▶ Web page caption snippets
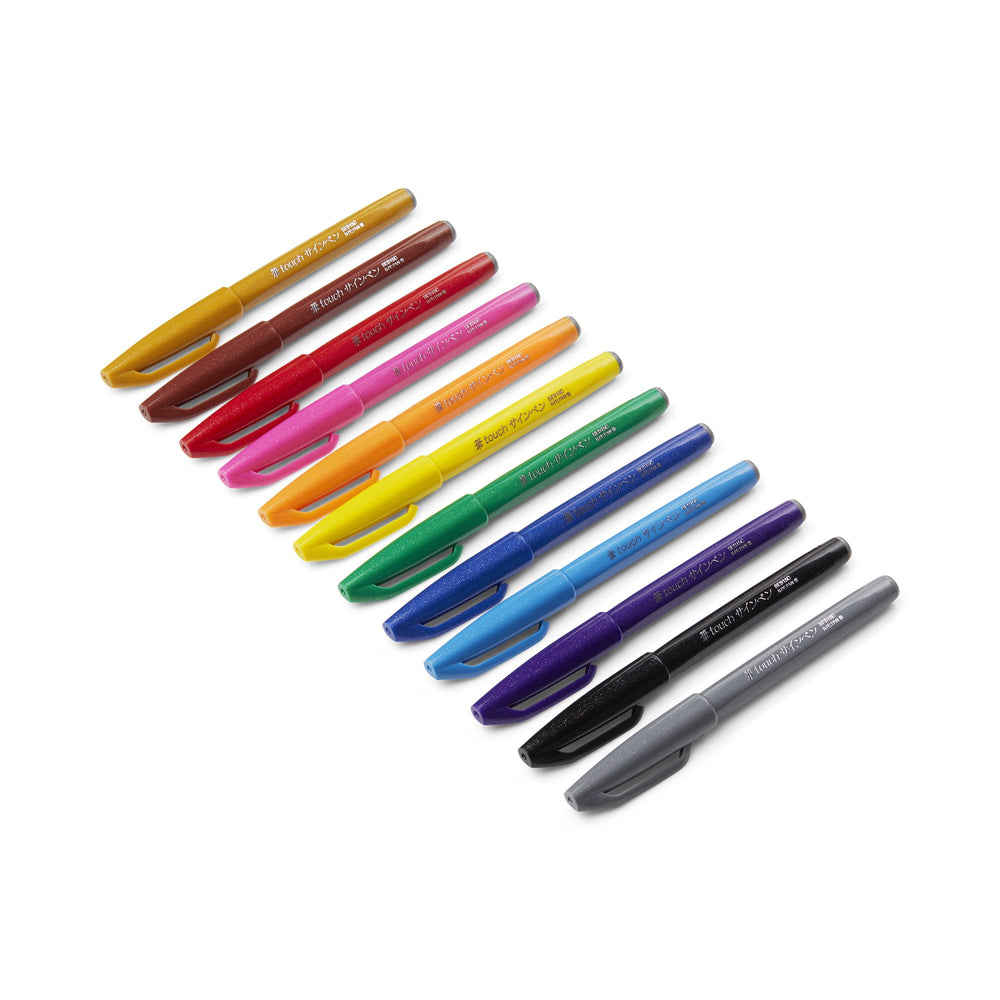 Fude Touch Brush Sign Pen - Brown lined up among colorful pens, featuring a felt brush tip, ideal for illustrations and scrapbooking. Made of 81% recycled material.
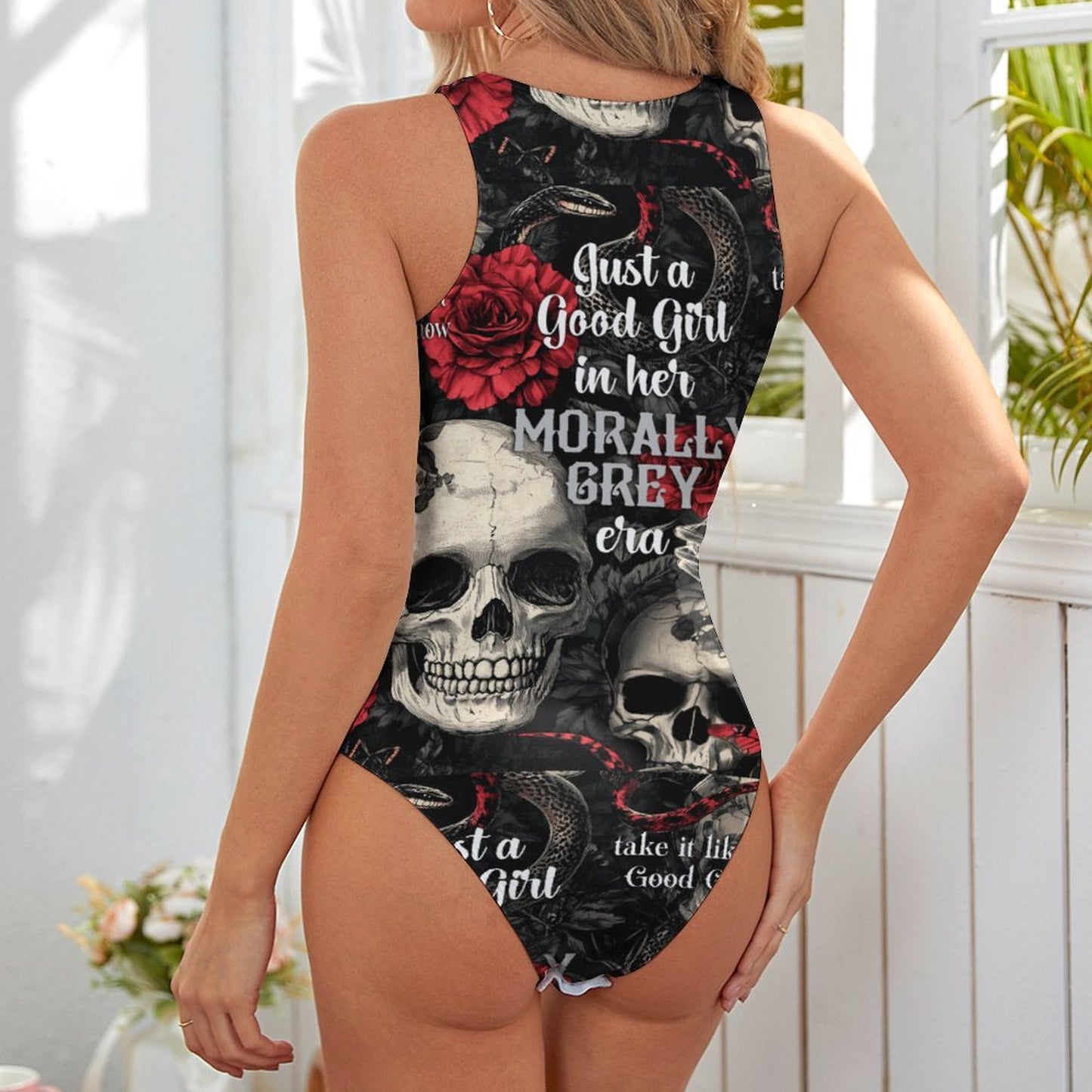 Model styled in a Dark Romance aesthetic bodysuit, perfect for Dark Academia and bookish outfits.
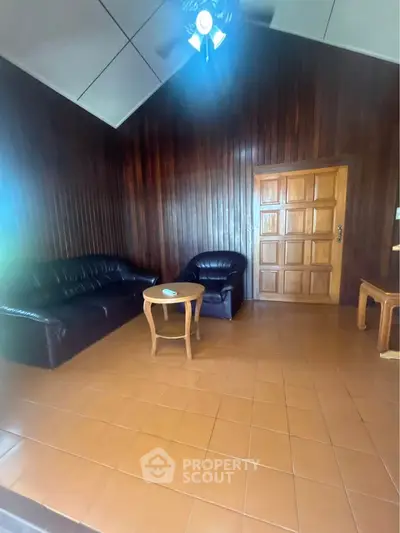 Cozy living room with wooden walls and leather furniture, perfect for relaxation.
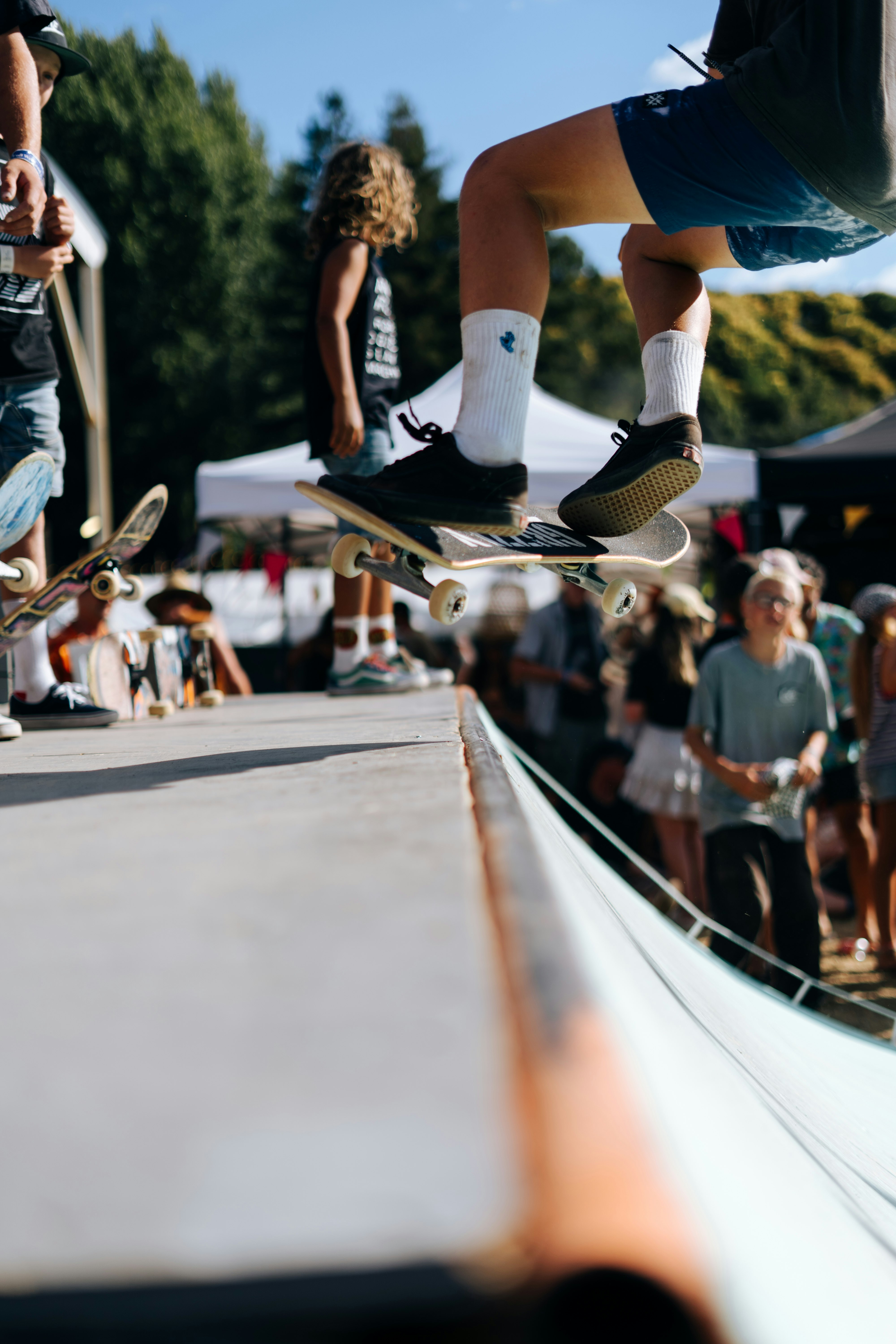 people riding skateboard during daytime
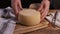 Women hands showing fresh homemade cheese on a wooden board with a cheese knife close up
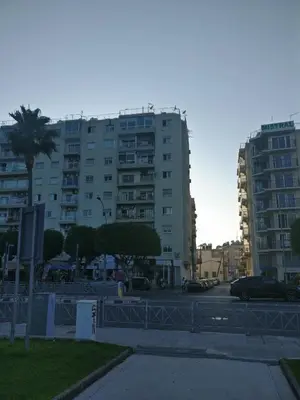 a large building with cars parked in a parking lot at Hawaii Royal Gardens in Limassol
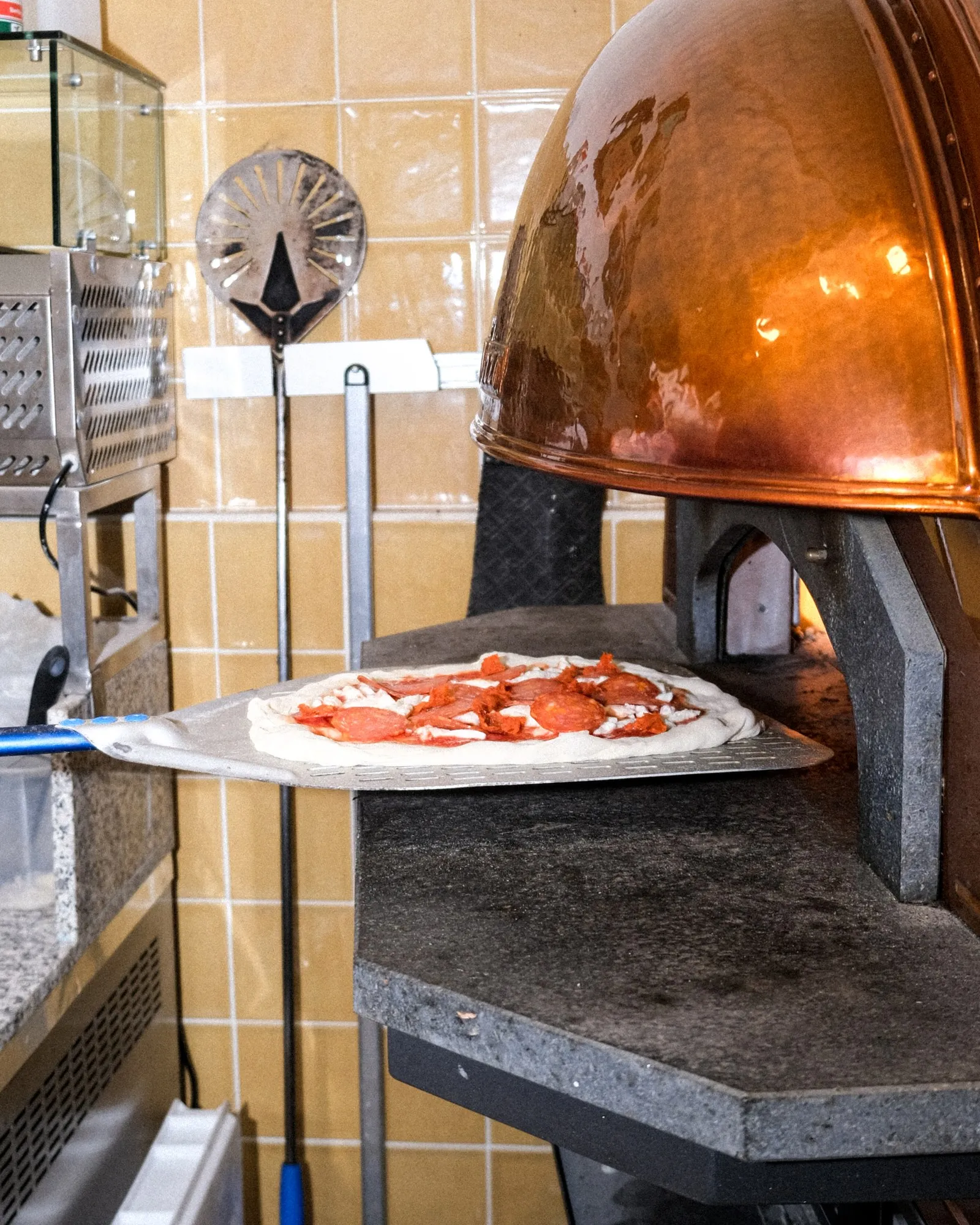 A pizza going into the glowing copper gas oven at Filomena, the Neapolitan pizzeria in Larnaca, Cyprus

▶ Your instructions
Return every entry above exactly as written, minus the pictures.

▶ Answer to this problem
 Fude Touch Brush Sign Pen - Brown lined up among colorful pens, featuring a felt brush tip, ideal for illustrations and scrapbooking. Made of 81% recycled material.
 Model styled in a Dark Romance aesthetic bodysuit, perfect for Dark Academia and bookish outfits.
 Cozy living room with wooden walls and leather furniture, perfect for relaxation.
 people riding skateboard during daytime
 Women hands showing fresh homemade cheese on a wooden board with a cheese knife close up
 a large building with cars parked in a parking lot at Hawaii Royal Gardens in Limassol
 A pizza going into the glowing copper gas oven at Filomena, the Neapolitan pizzeria in Larnaca, Cyprus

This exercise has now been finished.